A rise in the number of people working unsociable hours has resulted in many parents finding it difficult to secure childcare, a report has claimed.
The research showed that childcare provision has not adapted to the changing needs of shift workers, causing pressure for families.
Independent thinktank the Resolution Foundation analysed the figures, which revealed that nearly 70% of all parents who are employed conduct some work that is out-of-hours.
For families on low-to-middle incomes, 75% have at least one partner who works outside the traditional working day hours of 8am to 6pm.
When looking at higher incomes, the figure increased to 90%.
It is believed that the trend is due to the growth in jobs in the service sector, where staff are required to work nights and weekends, such as in shops, hotels and restaurants.
Those employed in health and social work also find themselves doing the job outside normal hours, the foundation said.

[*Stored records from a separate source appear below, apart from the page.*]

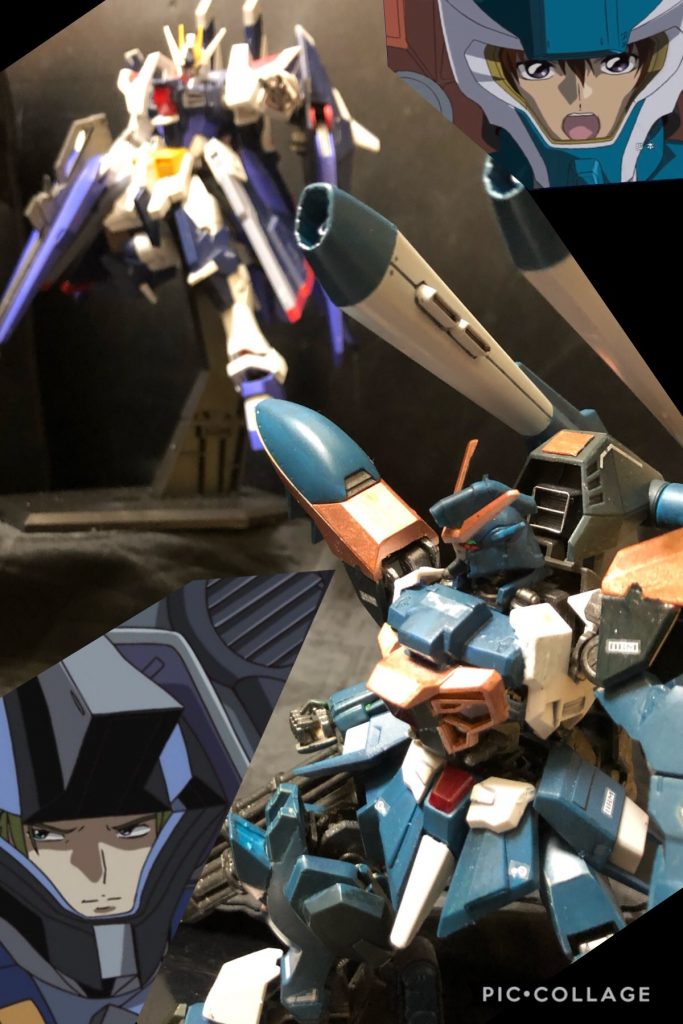 キラ「キラ·ヤマト、行きます！くそっ、どうしてこんなことを…！」
oyz「ターゲット出現！オルガ、迎撃しろ。ただし、胴体は壊すなよ。捕獲して核動力を奪え！」
オルガ「了解だ！見つけたぜぇ！？オマエ！」
キラ「あれか！」


オルガ「オラあ！コレでも喰らえーーーーっ！何っ！？弾切れかよぉ！？」
キラ「？」
オルガ「コッチはどうだ！コッチも弾切れだと！くっそぉ！弾がねぇ！」
キラ「？？」
オルガ「全部弾切れじゃんねーか！何だよ、撃てねェじゃねェかァ！」
oyz「オイオイ....。」

オルガ「オイ！アイツはどうしたんだよ。」
oyz「スティングか？」
オルガ「そうだ！そのチョロついてたヤツ！」
oyz「あー、さっきムラサメ3機にやられちゃって、艦に撤退したよ。」
オルガ「マジかよ！ダセエ！！何やってんだか…オイどうなってんだよ！」
oyz「ま、よくある事だから。」
オルガ「ったく…足手纏いはごめんだぜ！」
oyz「キミも弾切れでどうしようもないでしょうが。」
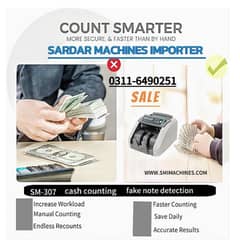 Cash currency note counting machine,Packet count with fake note detect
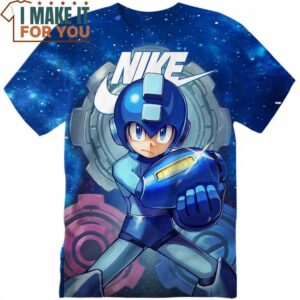 Gaming Mega Man Nike T-Shirt, Nike Graphic Tee for Die-Hard Fans Gaming Mega Man Nike T-Shirt, Nike Graphic Tee for Die-Hard Fans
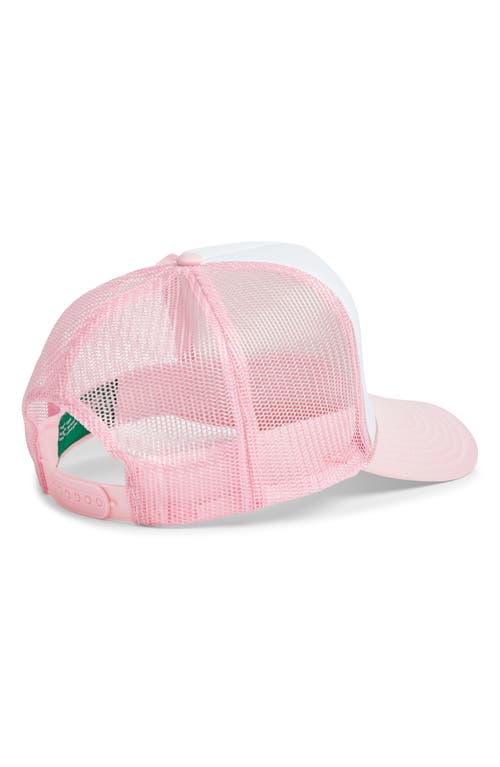 Friday Feelin ' Girl Next Door Trucker Hat In Pink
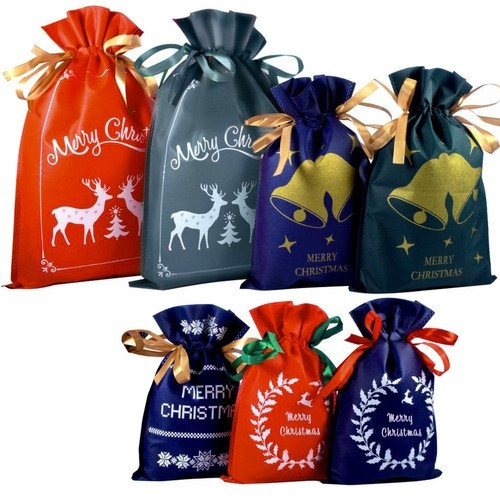  CHRISTMAS BAGS BAGS PACKAGING GIFT SET 8-pcs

And it warned that the government's plans to reform support for childcare costs in the new "universal credit" – designed to simplify the welfare system – will reduce the help available for many parents.
More affordable and flexible childcare is critical to maintaining the living standards of families on low-to-middle incomes, the report argued.
Vidhya Alakeson, Director of Research at the Resolution Foundation, said: "More flexible and affordable childcare is critical to supporting choice."
The government defended its plans and said it had been working closely with relevant organisations and charities to formulate them.